On Jaffna peninsula alone, an area of strict military control, the quasi-governmental Human Rights Commission recorded 707 cases of missing persons since December 2005, 492 of whom were still missing as of March 2007. In the vast majority of reported cases, witnesses and family members allege that security forces were involved or implicated in the abduction. Jaffna residents reported 55 abductions over the past three months during curfew hours, when only security forces are on the streets in this heavily militarized region.
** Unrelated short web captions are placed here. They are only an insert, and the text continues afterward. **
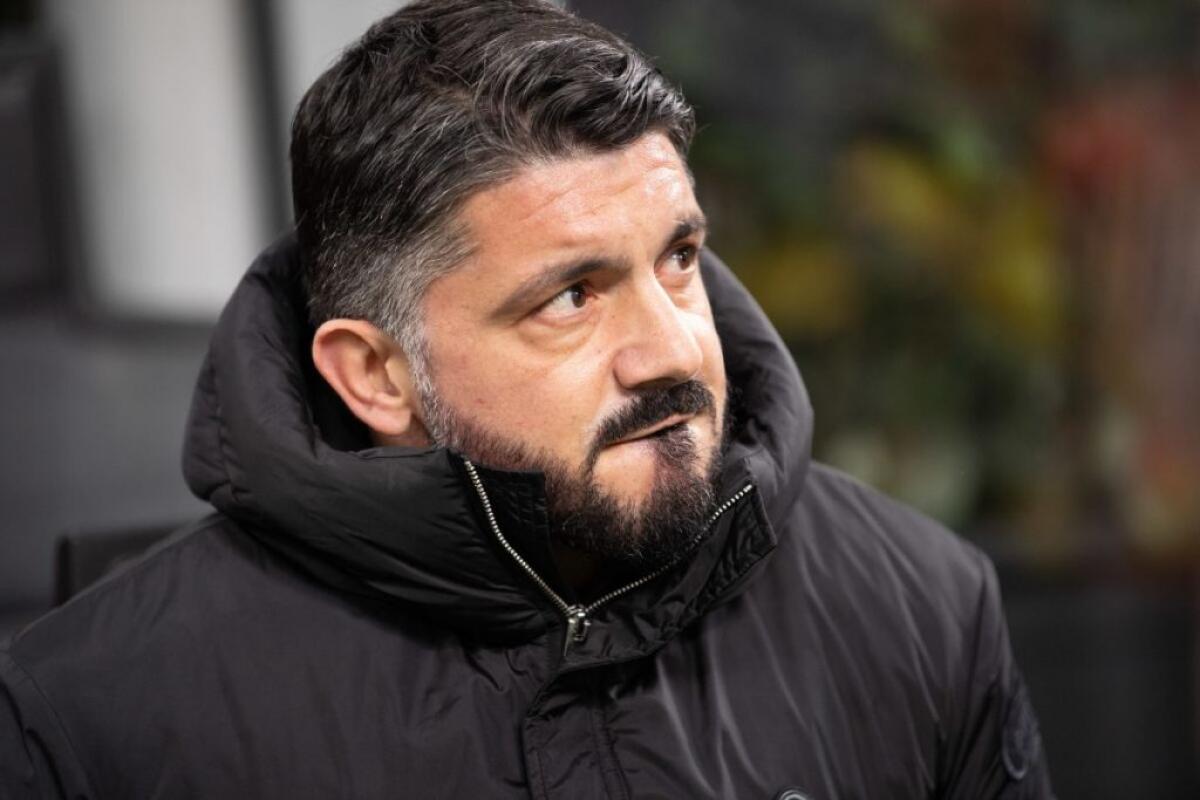 GATTUSO SBARCA A NAPOLI “L’OBIETTIVO È ARRIVARE IN CHAMPIONS” - 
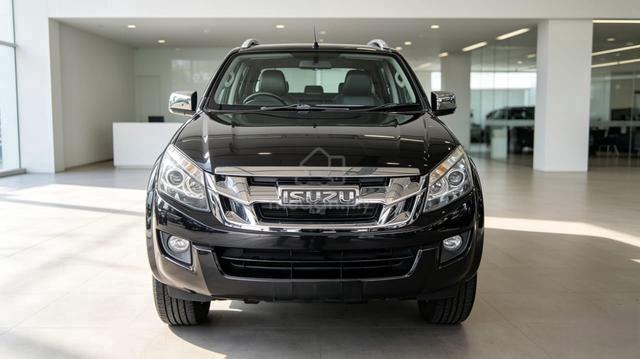 2015 Isuzu D-MAX 2.5 4x4 (A) fast approval - 2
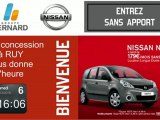 CONCESSIONNAIRE NISSAN GROUPE AUTOBERNARD SUR MADE IN TV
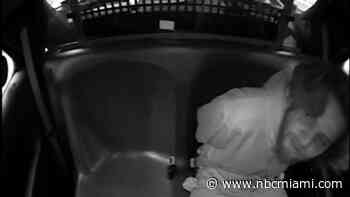 Dashcam Video Shows Coconut Creek Police Taking Wrong Man to Jail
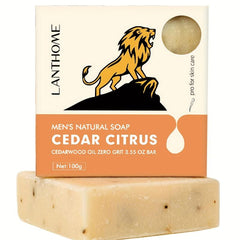 Acne Dark Spot Soap Bar for Face Body Cleansing Bath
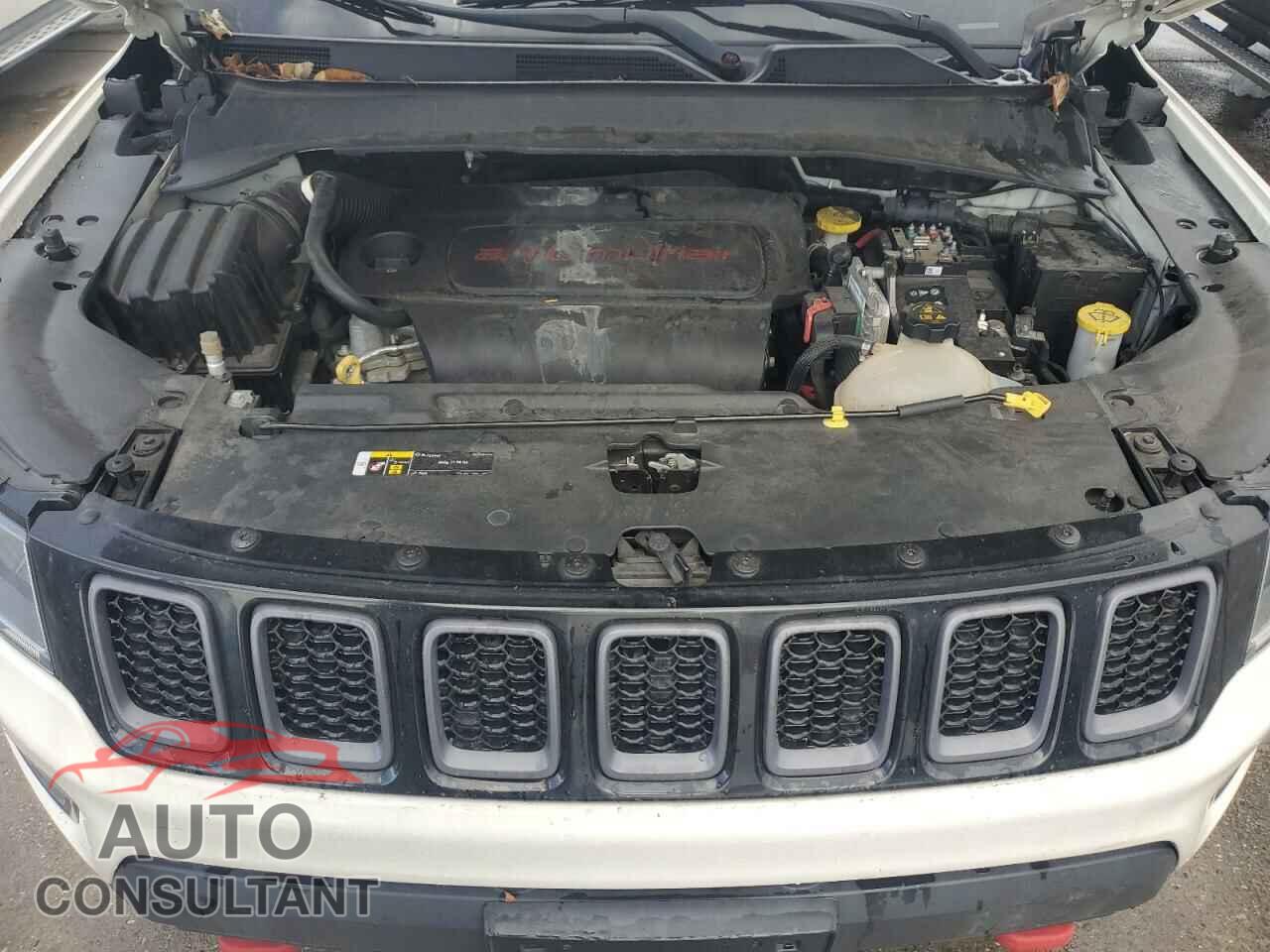 JEEP COMPASS 2019 - 3C4NJDDB5KT799401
We are deeply concerned about the Emergency Regulations that came into effect after the LTTE’s assassination of Foreign Minister Lakshman Kadirgamar in August 2005. These vaguely worded regulations allow for the detention of any person “acting in any manner prejudicial to the national security or to the maintenance of public order, or to the maintenance of essential services.” The authorities may search, detain for the purpose of a search, and arrest without a warrant any person suspected of an offense under the regulations. Detainees can be held up to 12 months without charge. This is a clear violation of international law, and specifically Sri Lanka’s obligations under the International Covenant on Civil and Political Rights (ICCPR, Article 9).

While most people arrested are ethnic Tamil men between the ages of 18 and 40, some arrests expanded beyond the Tamil community. By February 2007, security forces had arrested and detained 11 Sinhalese civilians under the regulations, charging them with supporting the LTTE.
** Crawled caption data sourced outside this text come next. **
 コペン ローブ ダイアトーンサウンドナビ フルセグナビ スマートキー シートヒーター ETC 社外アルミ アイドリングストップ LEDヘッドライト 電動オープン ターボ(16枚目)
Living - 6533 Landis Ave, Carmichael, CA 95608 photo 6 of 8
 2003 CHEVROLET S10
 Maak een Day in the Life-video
In December 2006, the government introduced another Emergency Regulation called the Prevention and Prohibition of Terrorism and Specified Terrorist Activities. The broad, sweeping language allows for the criminalization of a range of peaceful activities that are protected under Sri Lankan and international law. Some of the regulations could be used to justify a crackdown on the media and civil society organizations.
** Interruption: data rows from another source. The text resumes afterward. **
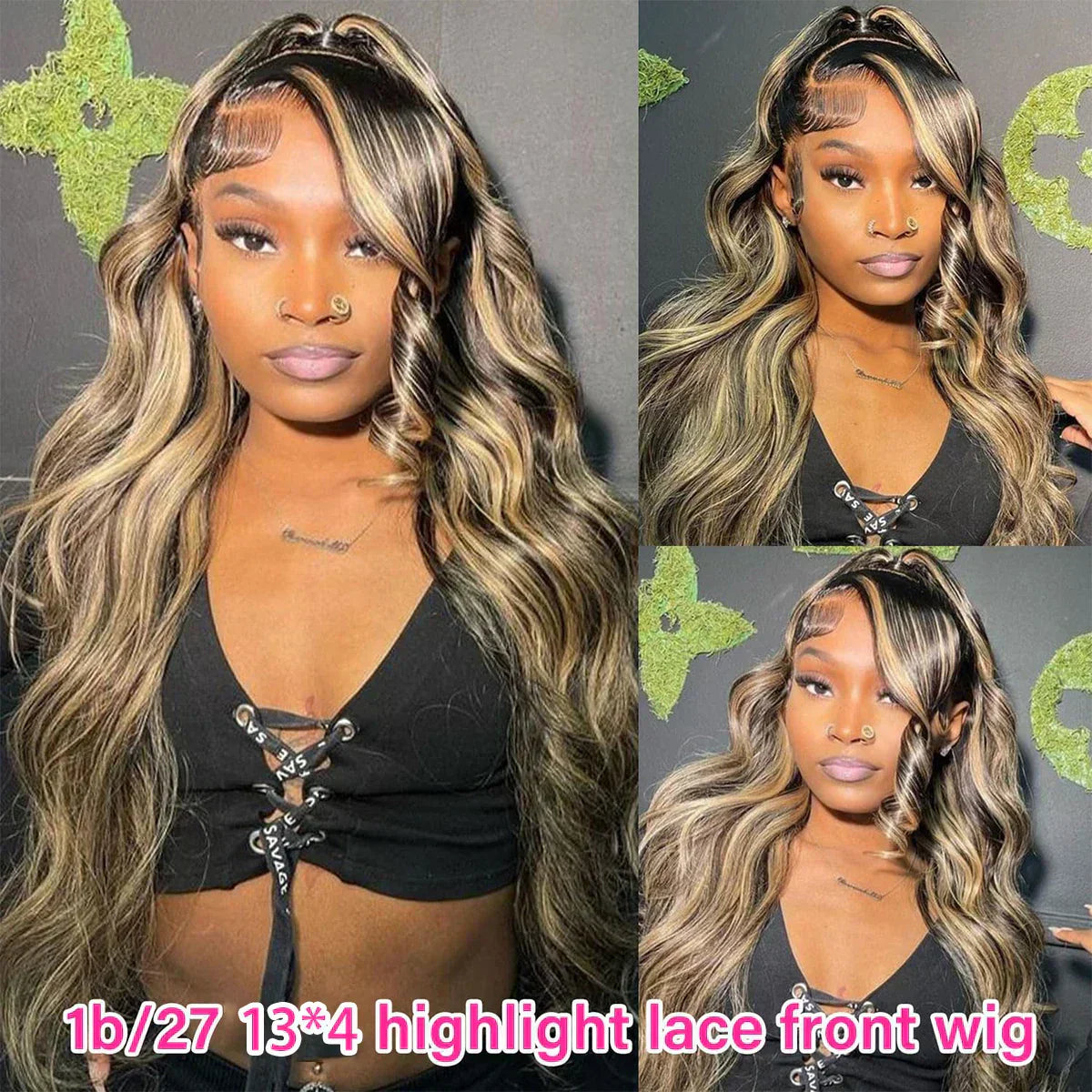 Human Hair Wigs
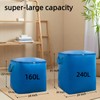 Extra Large Heavy Duty Storage Bag，Storage Bags for Clothes，Extra Large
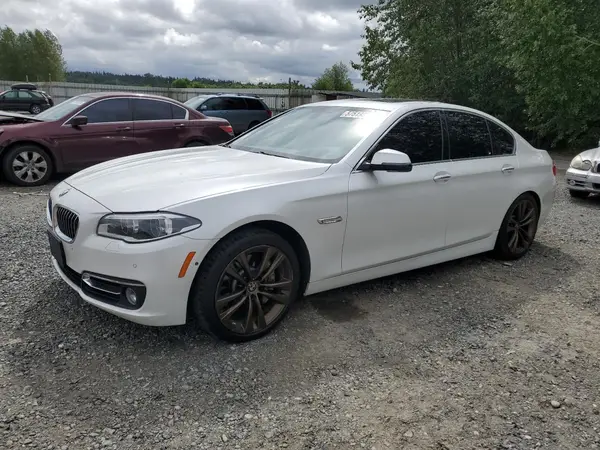 WBAFV3C58GD687510 2016 BMW 5ER - Image 1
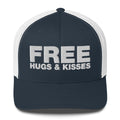 Free hugs and kisses - Trucker Cap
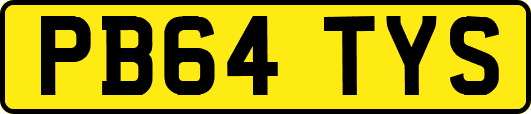 PB64TYS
Throughout late 2006 and early 2007, the Sri Lankan government continued its support for the abusive Karuna group. This Tamil armed group split from the LTTE in 2004 and now cooperates with the Sri Lankan military in their common fight against the LTTE. Despite ongoing international scrutiny and criticism, including from the United Nations, the Karuna group has continued to forcibly recruit children for use as soldiers with state complicity. There is now a clear pattern of the state being complicit with or turning a blind eye to abductions, extrajudicial executions, and extortion committed by this group.

As the armed conflict intensifies, the government has taken active steps to silence those who question or criticize its militaristic approach. It has dismissed critics as “traitors,” “terrorist sympathizers,” and “supporters of the LTTE.” And it has used anti-terror legislation to prosecute those with alternative information or critical views.

Freedom of the press has taken a serious blow. Eleven media persons have been killed in Sri Lanka since August 2005, placing the country second after Iraq for media worker deaths worldwide. To date, no one has been convicted for any of the killings.

Tamil journalists work under severe threat from both the LTTE and government forces. The circulation of some Tamil newspapers was unofficially banned in parts of the North and East. In October 2006 and again in January 2007 the Karuna Group blocked the delivery of the newspapers Thinakural, Virakesari and Sudar Oli in Batticaloa and Ampara.

In LTTE areas, media freedom is severely restricted. The LTTE has been implicated in abductions of media workers and the killing of journalists. The LTTE has routinely pressured Tamil journalists and attempted to force Tamil media practitioners to resign from state-owned media.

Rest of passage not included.